*** Opening of Records ***

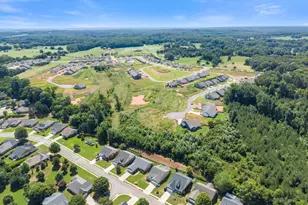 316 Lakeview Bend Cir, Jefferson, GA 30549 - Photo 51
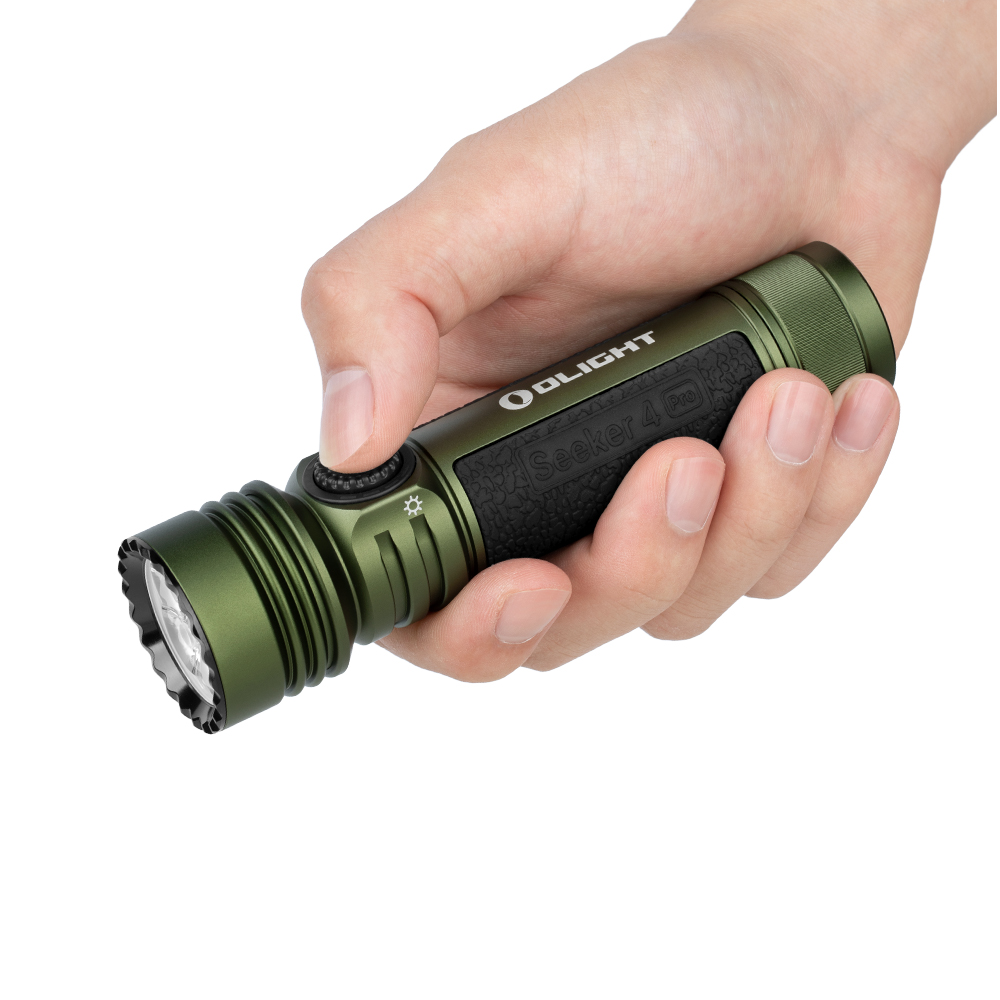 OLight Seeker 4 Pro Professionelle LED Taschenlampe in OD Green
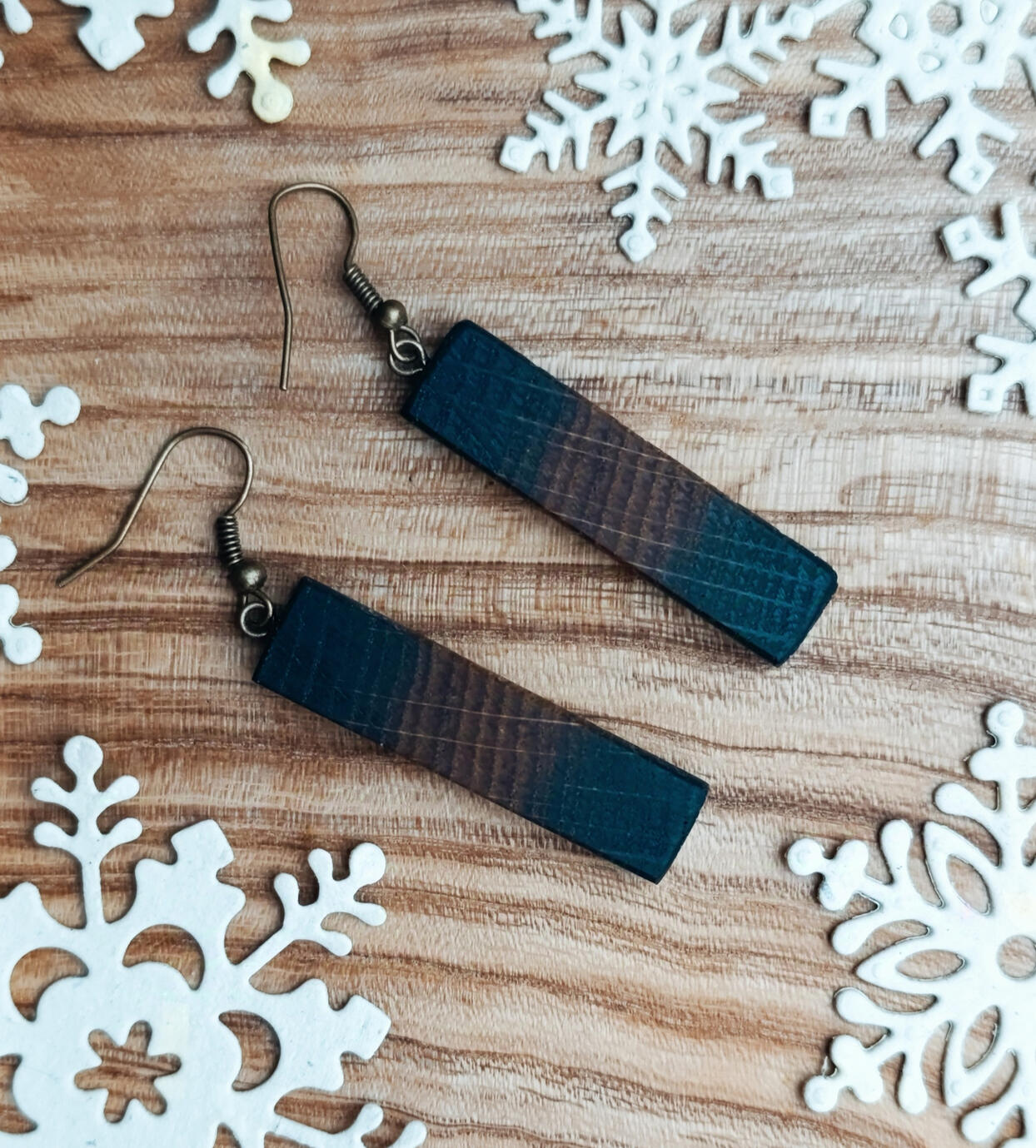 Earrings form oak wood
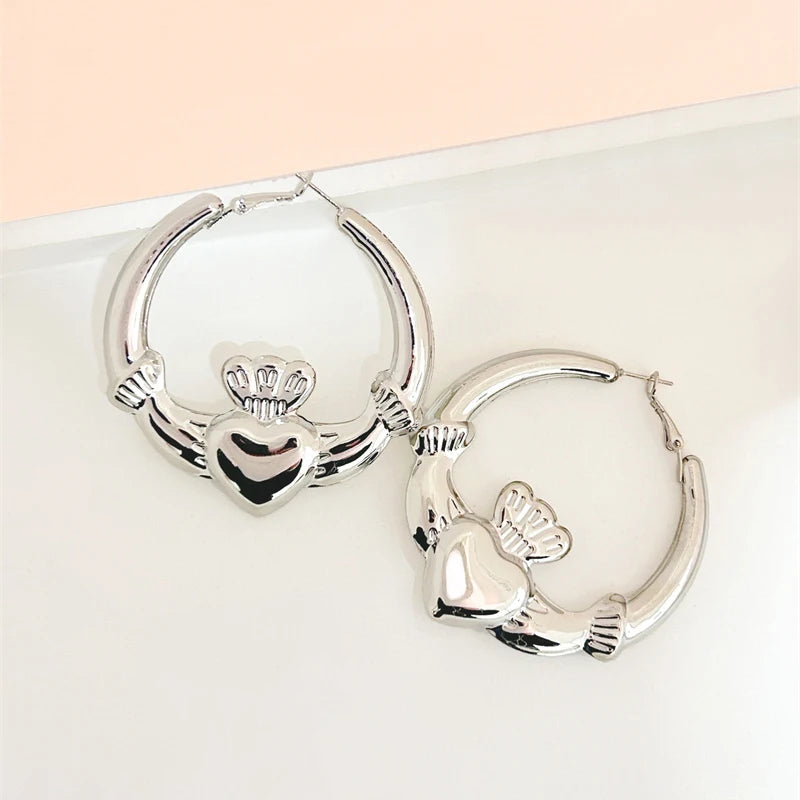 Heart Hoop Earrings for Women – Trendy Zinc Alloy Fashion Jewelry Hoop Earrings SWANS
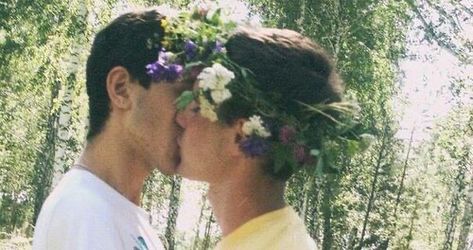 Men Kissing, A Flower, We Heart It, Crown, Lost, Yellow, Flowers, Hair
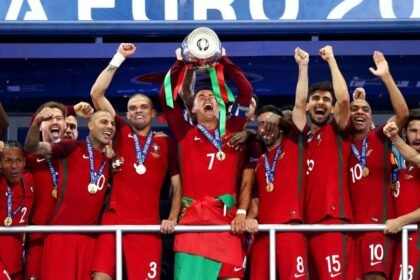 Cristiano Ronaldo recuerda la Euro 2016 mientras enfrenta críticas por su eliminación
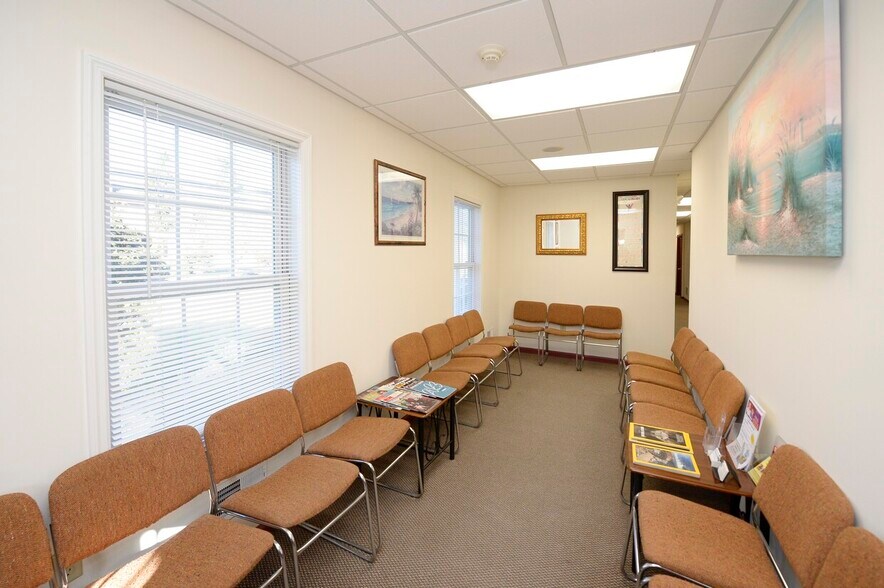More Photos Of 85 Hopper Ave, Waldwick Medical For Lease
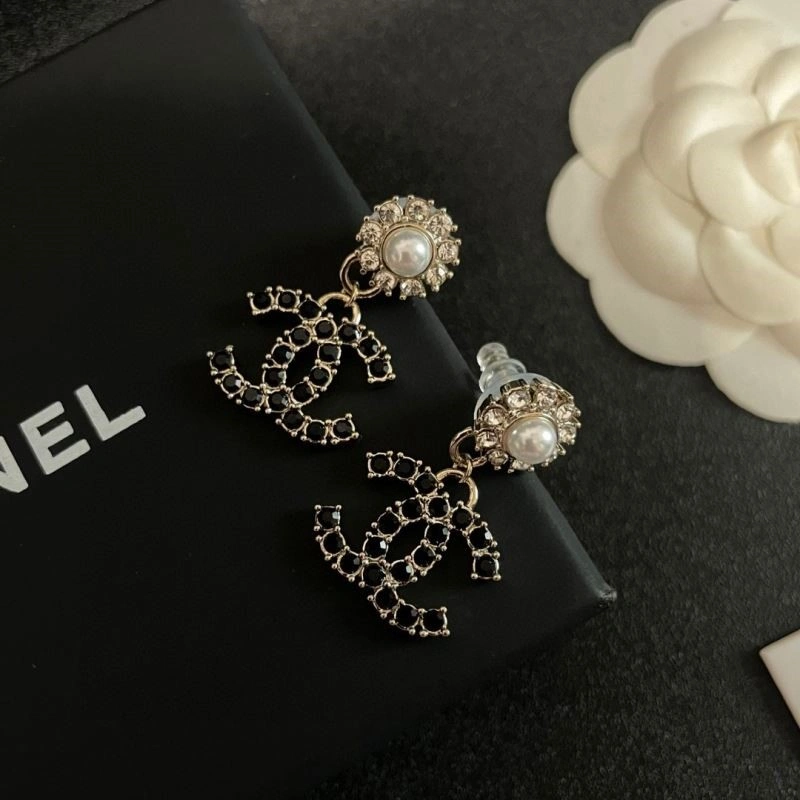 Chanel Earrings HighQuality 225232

*** Close of Records ***

=== Your instructions ===
The answer must be the exact lines from the line with "OLight Seeker 4" to the final line of the data, both ends included, with no pictures.

=== Exercise result ===
 OLight Seeker 4 Pro Professionelle LED Taschenlampe in OD Green
 Earrings form oak wood
 Heart Hoop Earrings for Women – Trendy Zinc Alloy Fashion Jewelry Hoop Earrings SWANS
 Men Kissing, A Flower, We Heart It, Crown, Lost, Yellow, Flowers, Hair
 Cristiano Ronaldo recuerda la Euro 2016 mientras enfrenta críticas por su eliminación
More Photos Of 85 Hopper Ave, Waldwick Medical For Lease
 Chanel Earrings HighQuality 225232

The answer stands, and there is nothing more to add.